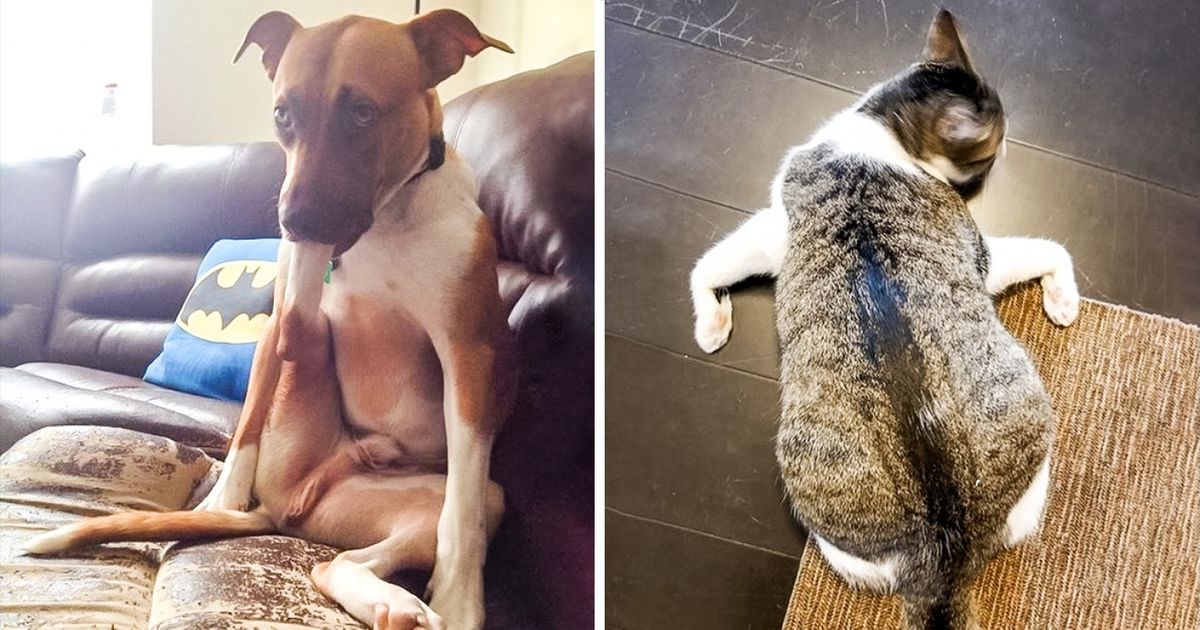 25 Animais que param nas posições mais malucas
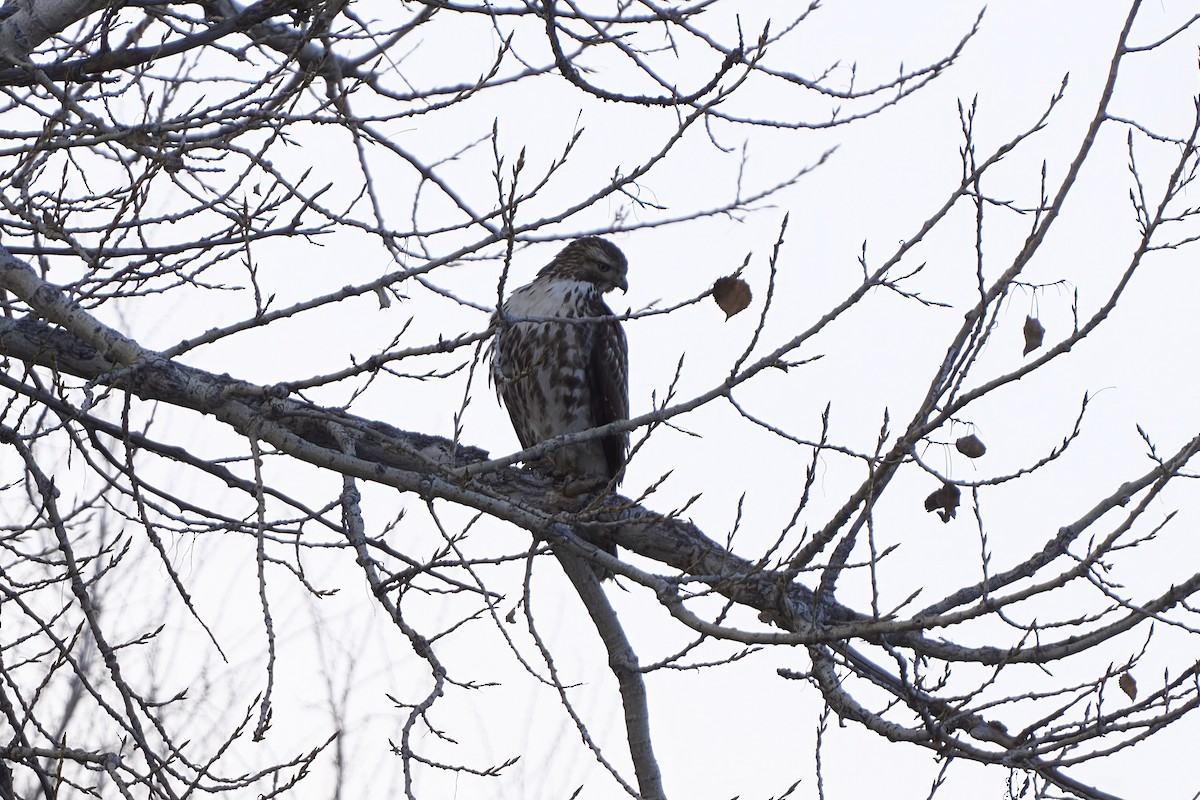 Red-tailed Hawk - ML646549010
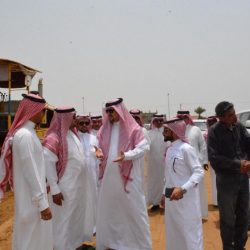 بلدية صامطة تواصل أعمالها لمعالجة مظاهر التشوه البصري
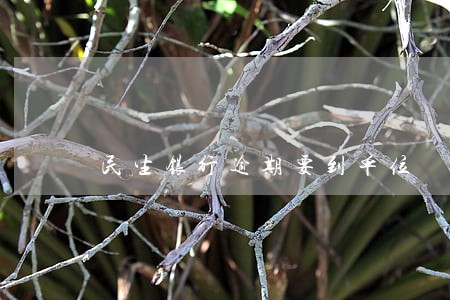 民生银行逾期要到单位 民生银行逾期要到单位
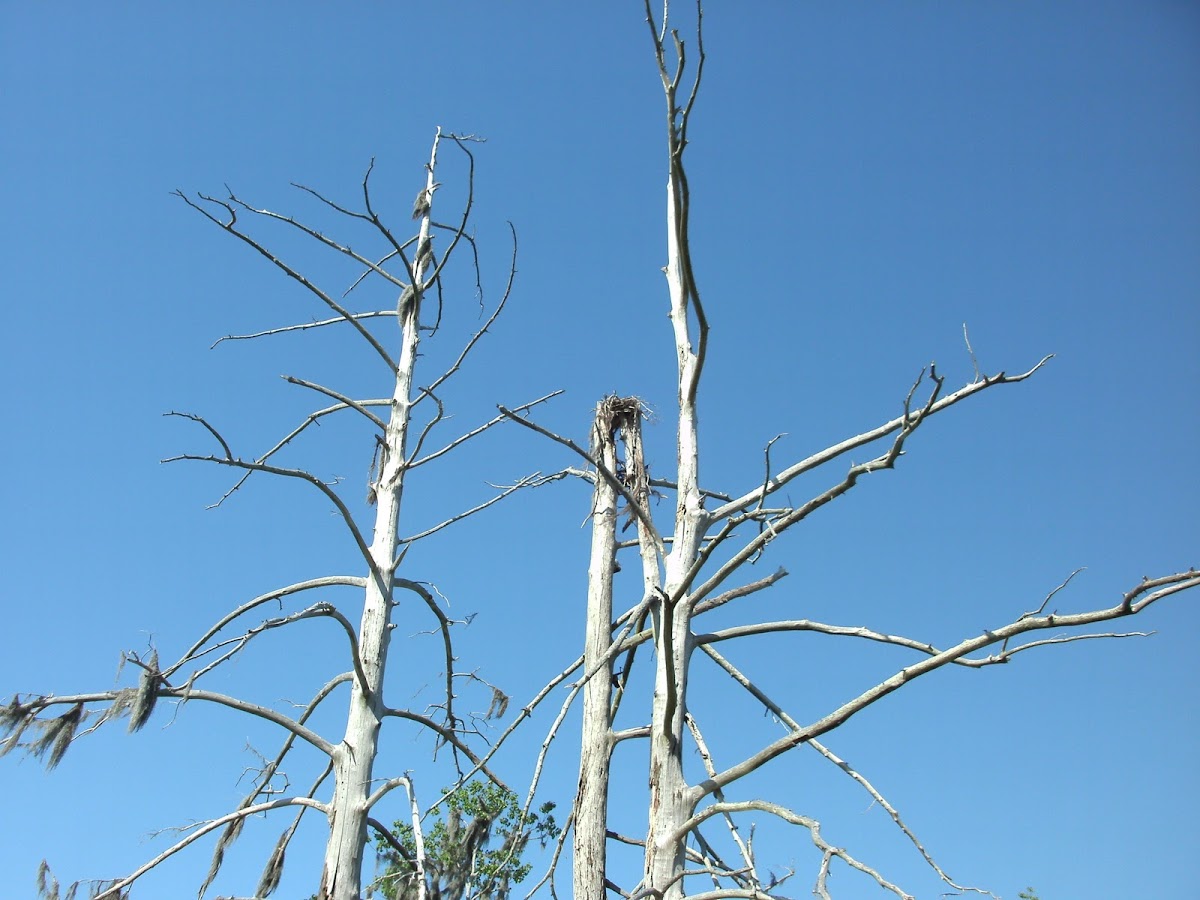 Osprey or Bald Eagle Nest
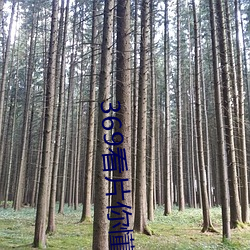 918博天堂·(中国)手机版客户端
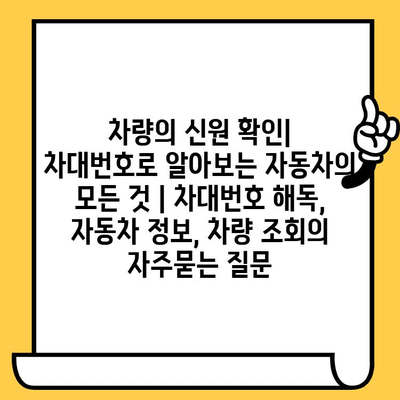 차량의 신원 확인| 차대번호로 알아보는 자동차의 모든 것 | 차대번호 해독, 자동차 정보, 차량 조회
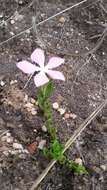 Image of Catharanthus ovalis Markgr.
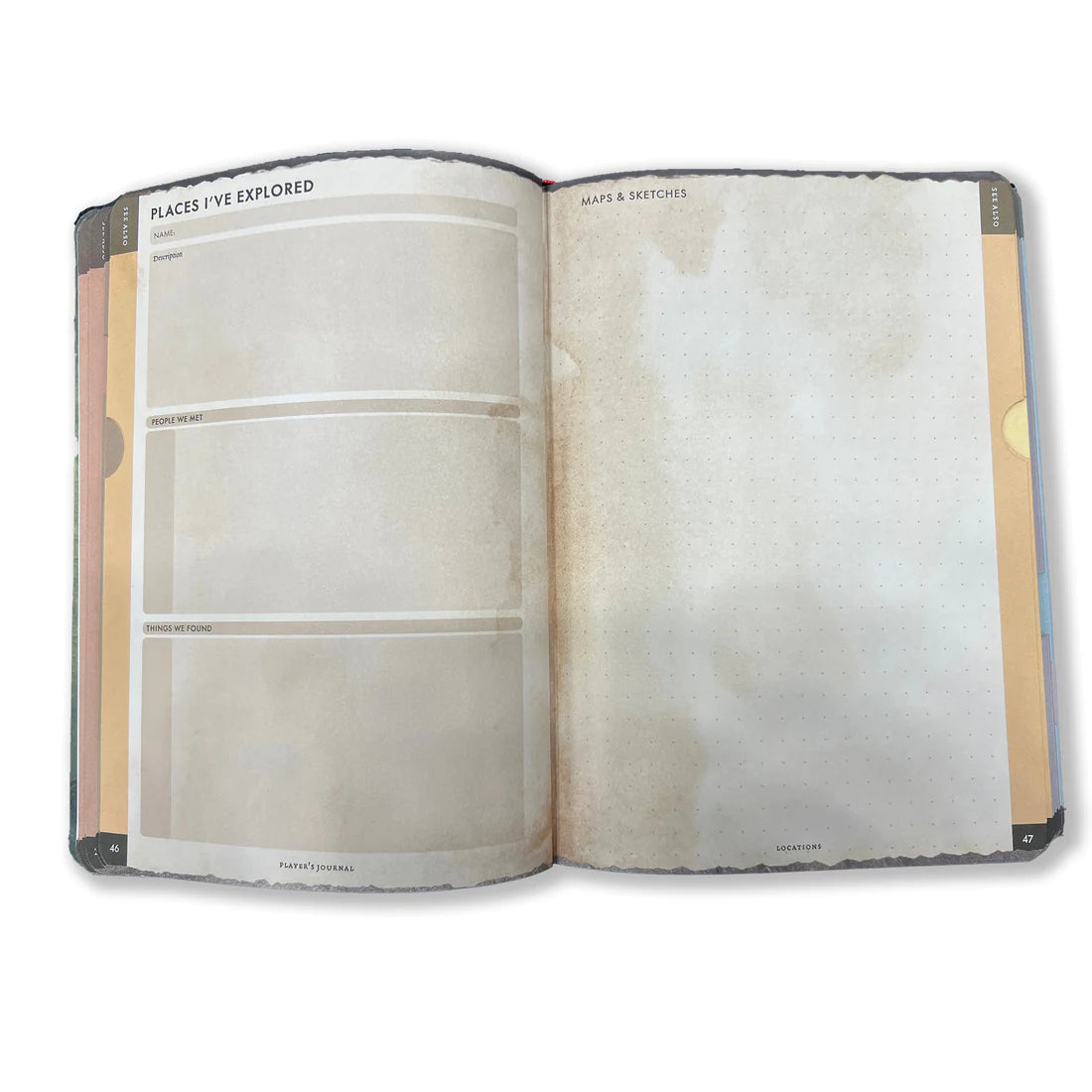 RPG Player's Journal - Open RPG Player's Journal with aged, parchment-style pages featuring sections for notes and character details.
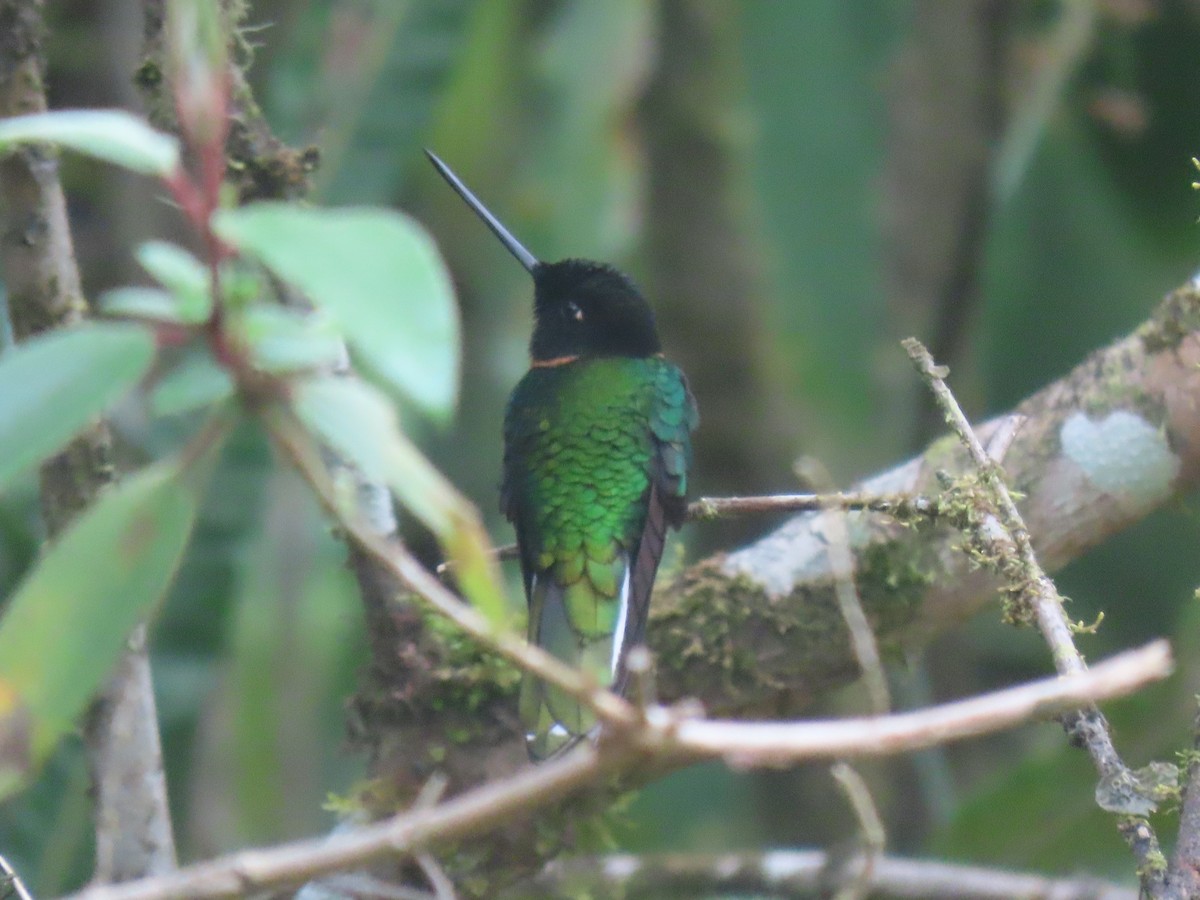 Inca de Gould - ML645422483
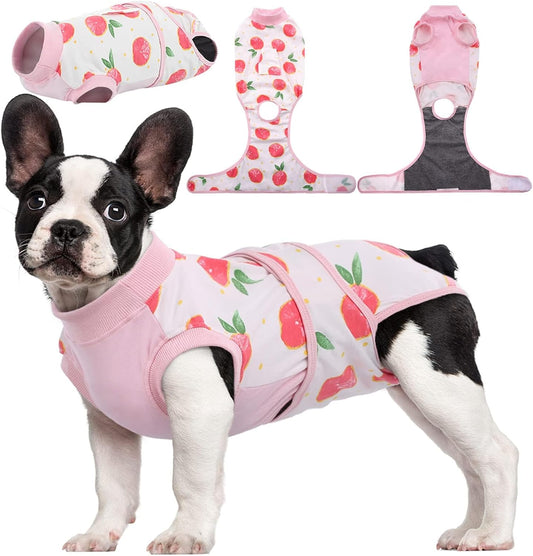 Recovery Suit for Dogs and Cats After Surgery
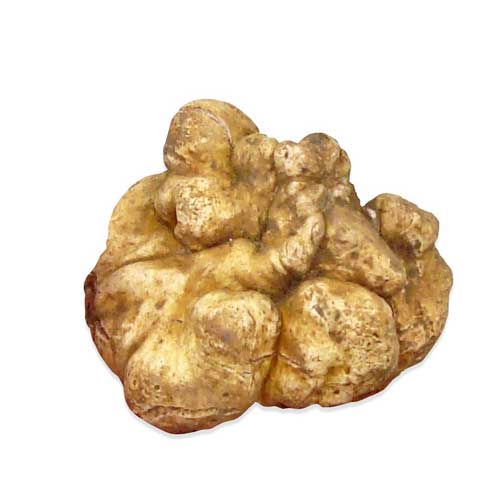 White Truffle Mushroom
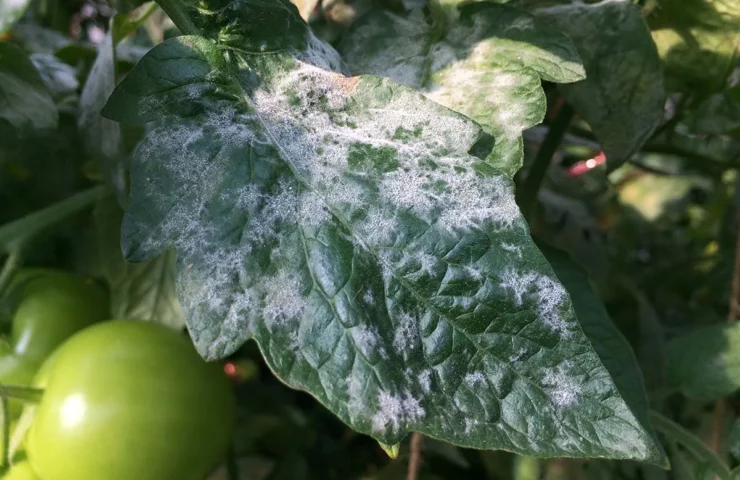 powdery mildew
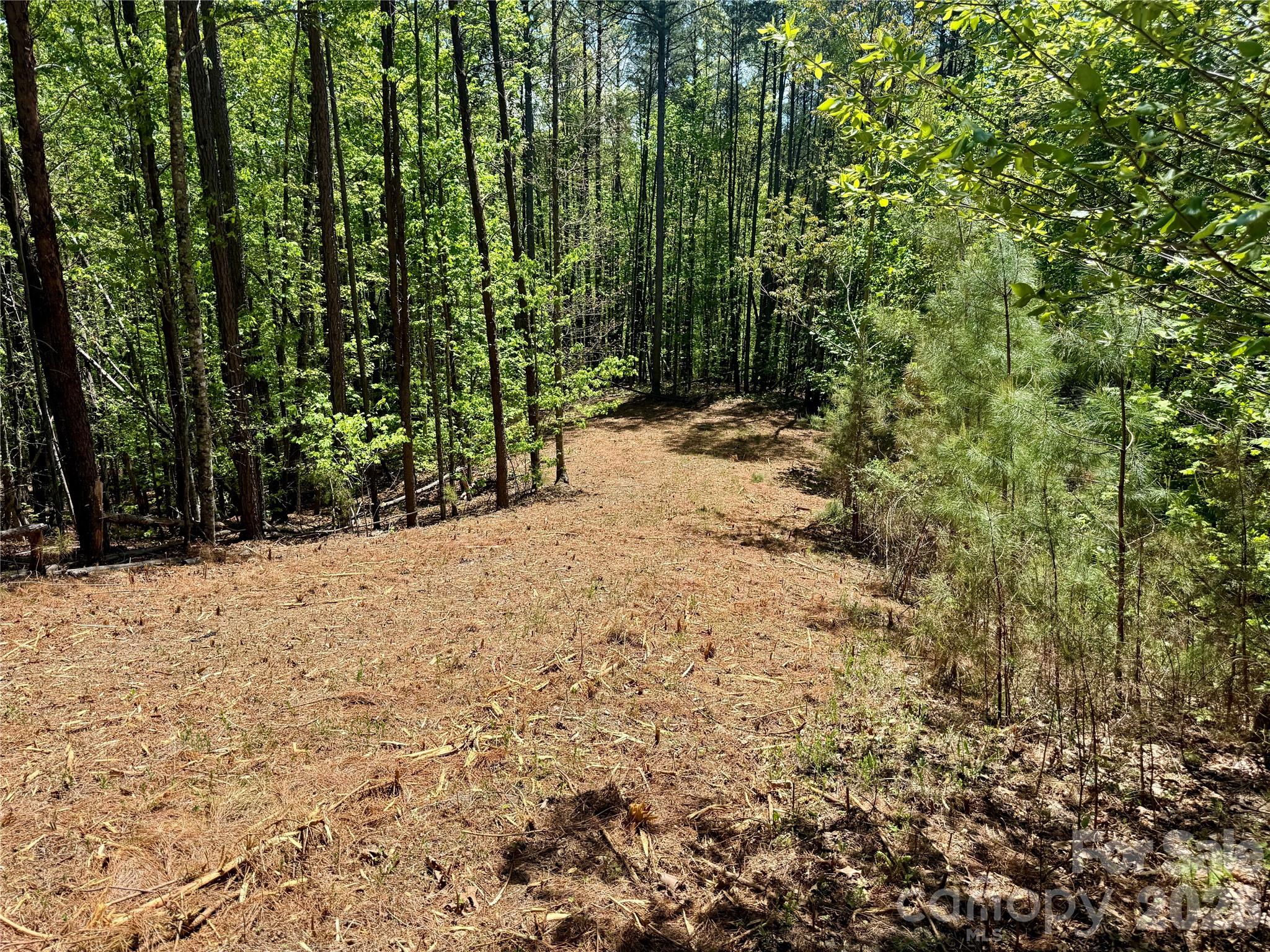 Freshly cleared driveway to build site - Lot 488 Bella Vista Way, Nebo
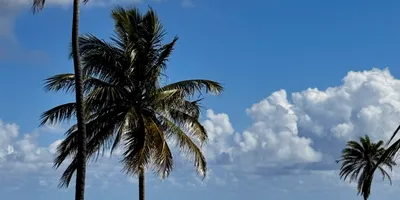Club image Royal St. Kitts Golf Club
************
→ **EXERCISE REQUIREMENTS**: Line by line, print the records exactly, leaving the pictures behind.

→ **TASK RESPONSE**:
 25 Animais que param nas posições mais malucas
 Red-tailed Hawk - ML646549010
 بلدية صامطة تواصل أعمالها لمعالجة مظاهر التشوه البصري
 民生银行逾期要到单位 民生银行逾期要到单位
 Osprey or Bald Eagle Nest
 918博天堂·(中国)手机版客户端
 차량의 신원 확인| 차대번호로 알아보는 자동차의 모든 것 | 차대번호 해독, 자동차 정보, 차량 조회
 Image of Catharanthus ovalis Markgr.
 RPG Player's Journal - Open RPG Player's Journal with aged, parchment-style pages featuring sections for notes and character details.
 Inca de Gould - ML645422483
 Recovery Suit for Dogs and Cats After Surgery
 White Truffle Mushroom
 powdery mildew
 Freshly cleared driveway to build site - Lot 488 Bella Vista Way, Nebo
Club image Royal St. Kitts Golf Club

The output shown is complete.